● **ENTRIES SHOWN**:
┌──
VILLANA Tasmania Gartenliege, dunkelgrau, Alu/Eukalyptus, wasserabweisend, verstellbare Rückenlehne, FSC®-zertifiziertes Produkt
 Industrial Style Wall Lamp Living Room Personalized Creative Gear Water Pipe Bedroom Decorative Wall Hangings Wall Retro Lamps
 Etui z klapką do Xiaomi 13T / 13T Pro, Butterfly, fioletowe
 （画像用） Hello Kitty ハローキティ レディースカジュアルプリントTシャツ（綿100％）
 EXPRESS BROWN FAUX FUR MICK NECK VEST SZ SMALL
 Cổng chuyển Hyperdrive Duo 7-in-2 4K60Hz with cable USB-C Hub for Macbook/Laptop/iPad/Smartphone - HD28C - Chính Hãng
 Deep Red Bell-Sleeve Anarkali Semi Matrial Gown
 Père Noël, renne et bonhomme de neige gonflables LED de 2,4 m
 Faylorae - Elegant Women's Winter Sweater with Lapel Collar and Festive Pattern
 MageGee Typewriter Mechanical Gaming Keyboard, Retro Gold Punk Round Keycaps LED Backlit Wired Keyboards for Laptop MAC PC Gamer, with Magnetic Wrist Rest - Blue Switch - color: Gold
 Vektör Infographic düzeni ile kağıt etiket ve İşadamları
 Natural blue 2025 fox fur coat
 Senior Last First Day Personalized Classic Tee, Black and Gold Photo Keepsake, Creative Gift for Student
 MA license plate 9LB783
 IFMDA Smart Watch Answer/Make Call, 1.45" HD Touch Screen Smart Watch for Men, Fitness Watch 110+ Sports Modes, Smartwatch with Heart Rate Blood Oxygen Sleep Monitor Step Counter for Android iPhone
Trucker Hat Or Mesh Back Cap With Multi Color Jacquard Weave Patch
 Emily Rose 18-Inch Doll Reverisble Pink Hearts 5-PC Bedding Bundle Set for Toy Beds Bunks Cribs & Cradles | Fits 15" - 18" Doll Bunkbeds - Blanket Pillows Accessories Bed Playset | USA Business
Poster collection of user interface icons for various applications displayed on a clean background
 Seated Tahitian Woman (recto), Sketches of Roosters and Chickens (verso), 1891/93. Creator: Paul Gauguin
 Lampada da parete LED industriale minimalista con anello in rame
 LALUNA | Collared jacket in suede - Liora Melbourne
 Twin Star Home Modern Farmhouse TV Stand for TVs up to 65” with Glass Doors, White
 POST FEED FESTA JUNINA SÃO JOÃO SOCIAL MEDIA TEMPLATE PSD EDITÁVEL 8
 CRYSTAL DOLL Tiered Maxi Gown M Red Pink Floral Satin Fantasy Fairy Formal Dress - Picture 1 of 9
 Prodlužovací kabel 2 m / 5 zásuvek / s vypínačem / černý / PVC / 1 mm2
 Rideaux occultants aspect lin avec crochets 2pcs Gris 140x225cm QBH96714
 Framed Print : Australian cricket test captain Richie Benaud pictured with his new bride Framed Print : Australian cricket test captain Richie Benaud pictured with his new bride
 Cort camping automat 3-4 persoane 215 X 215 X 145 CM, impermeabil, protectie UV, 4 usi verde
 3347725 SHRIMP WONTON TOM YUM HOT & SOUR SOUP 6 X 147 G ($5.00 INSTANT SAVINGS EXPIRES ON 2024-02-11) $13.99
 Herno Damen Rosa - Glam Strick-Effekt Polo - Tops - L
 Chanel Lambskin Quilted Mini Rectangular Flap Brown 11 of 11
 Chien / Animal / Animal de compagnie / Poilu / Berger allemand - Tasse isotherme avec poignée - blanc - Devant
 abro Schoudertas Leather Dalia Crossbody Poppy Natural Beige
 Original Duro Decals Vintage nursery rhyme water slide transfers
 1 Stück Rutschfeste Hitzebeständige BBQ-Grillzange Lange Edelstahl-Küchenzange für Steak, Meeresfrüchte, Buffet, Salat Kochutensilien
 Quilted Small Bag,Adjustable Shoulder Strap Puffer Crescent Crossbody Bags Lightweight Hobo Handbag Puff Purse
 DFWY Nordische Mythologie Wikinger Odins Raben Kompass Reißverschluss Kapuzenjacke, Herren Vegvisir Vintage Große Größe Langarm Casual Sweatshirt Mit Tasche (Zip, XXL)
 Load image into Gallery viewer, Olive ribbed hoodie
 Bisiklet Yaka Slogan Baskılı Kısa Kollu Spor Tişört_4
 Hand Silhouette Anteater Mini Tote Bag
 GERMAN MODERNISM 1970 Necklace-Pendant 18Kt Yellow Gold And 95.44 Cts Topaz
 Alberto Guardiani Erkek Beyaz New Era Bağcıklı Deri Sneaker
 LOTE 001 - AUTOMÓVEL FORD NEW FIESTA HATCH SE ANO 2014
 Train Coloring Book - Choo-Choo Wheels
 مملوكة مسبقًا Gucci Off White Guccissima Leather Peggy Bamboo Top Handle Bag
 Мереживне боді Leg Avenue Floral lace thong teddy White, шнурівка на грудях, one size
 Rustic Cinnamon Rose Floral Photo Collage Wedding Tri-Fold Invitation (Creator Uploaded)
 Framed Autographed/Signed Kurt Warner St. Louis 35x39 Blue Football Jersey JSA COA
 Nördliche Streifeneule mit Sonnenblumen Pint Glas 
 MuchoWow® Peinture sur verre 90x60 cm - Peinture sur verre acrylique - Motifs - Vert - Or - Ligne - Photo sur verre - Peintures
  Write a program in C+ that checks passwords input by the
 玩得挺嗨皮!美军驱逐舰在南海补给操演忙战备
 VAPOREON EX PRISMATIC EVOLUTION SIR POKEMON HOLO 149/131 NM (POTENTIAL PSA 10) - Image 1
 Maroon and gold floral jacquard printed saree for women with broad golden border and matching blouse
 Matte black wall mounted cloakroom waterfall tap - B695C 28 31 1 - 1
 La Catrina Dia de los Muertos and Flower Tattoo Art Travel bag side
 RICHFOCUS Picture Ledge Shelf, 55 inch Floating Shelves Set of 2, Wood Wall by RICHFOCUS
└──
● **BRIEF**: Using the records above, copy word for word the line with "Original Duro Decals", the line with "Quilted Small Bag,Adjustable", and every line between them.

● **EXERCISE RESPONSE**:
 Original Duro Decals Vintage nursery rhyme water slide transfers
 1 Stück Rutschfeste Hitzebeständige BBQ-Grillzange Lange Edelstahl-Küchenzange für Steak, Meeresfrüchte, Buffet, Salat Kochutensilien
 Quilted Small Bag,Adjustable Shoulder Strap Puffer Crescent Crossbody Bags Lightweight Hobo Handbag Puff Purse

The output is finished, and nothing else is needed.